To be sure, police organizations would push back, and hard, just as they have every time President Obama says something about the ways people have been slaughtered at the hands of police officers. Still, if corporate leadership even lifted up these shootings as a matter of concern, it might make a difference.

Or perhaps corporate leadership could use a carrot instead of a stick, making contributions to police training and arbitration in the name of corporate social responsibility. What if corporate leaders offered to support a few diversity leaders in developing training for police officers? What if corporate leaders convened some kind of gathering that talked about the correlation between police-community relations and corporate profits?

Unfortunately, corporate leadership has been mostly missing in action on racial justice matters because some corporations profit from racial and economic injustice. Those who manufacture the tanks that bulldoze through our city streets are making money from police aggression. Those who own the private prisons that profit from mass incarceration have no interest in minimizing arrests. And those who shilly-shally around economic justice find there is no down side to taking no position, a tepid one or an ambivalent one.

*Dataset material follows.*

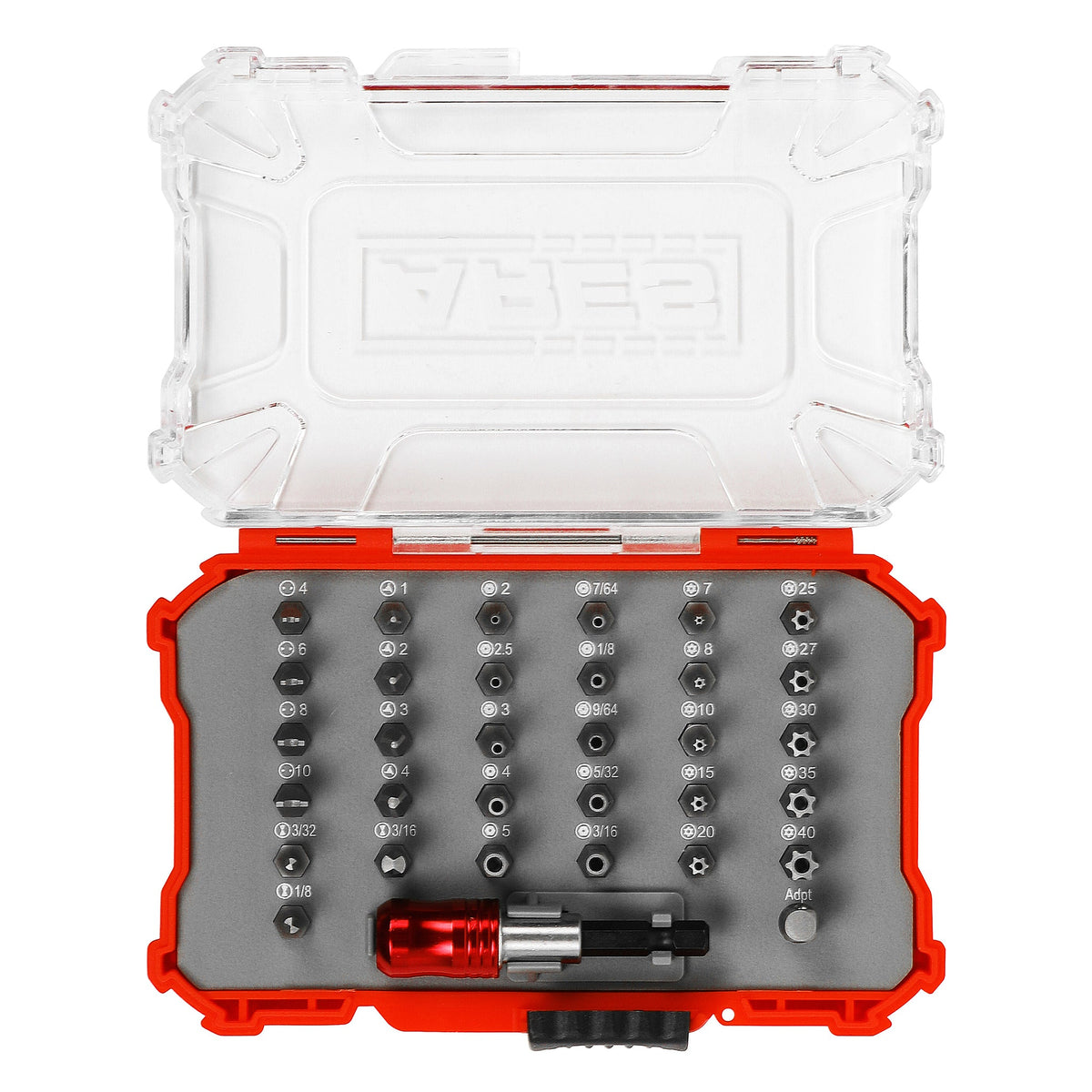 ARES 31016 - 33-Piece Security Bit Set with Quick Locking Bit Coupler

The NBA felt there was a downside in condoning North Carolina’s discrimination against LGBTQ people, such a downside that they would offer a crushing economic blow to that state. They don’t seem to care about the “collateral damage,” those folks who don’t discriminate but will still suffer because the All-Star game is going elsewhere. Few feel strongly enough about racial and economic justice to strike a similar blow against it. Instead, there is head shaking and hand wringing but no action.

What would be the outcome if even one corporate leader said, “We don’t like doing business in this environment”? What if just one corporate leader surveyed their African-American employees about their police interactions, including unjustified stops, “misidentification,” and the burden of WWB and BWB — walking while black and breathing while black?

What if just one corporation said “enough” about this nonsense?

I think corporate leadership on racial economic justice could make a difference. Where is the corporate leader bold enough to try?

The writer is an economist and author.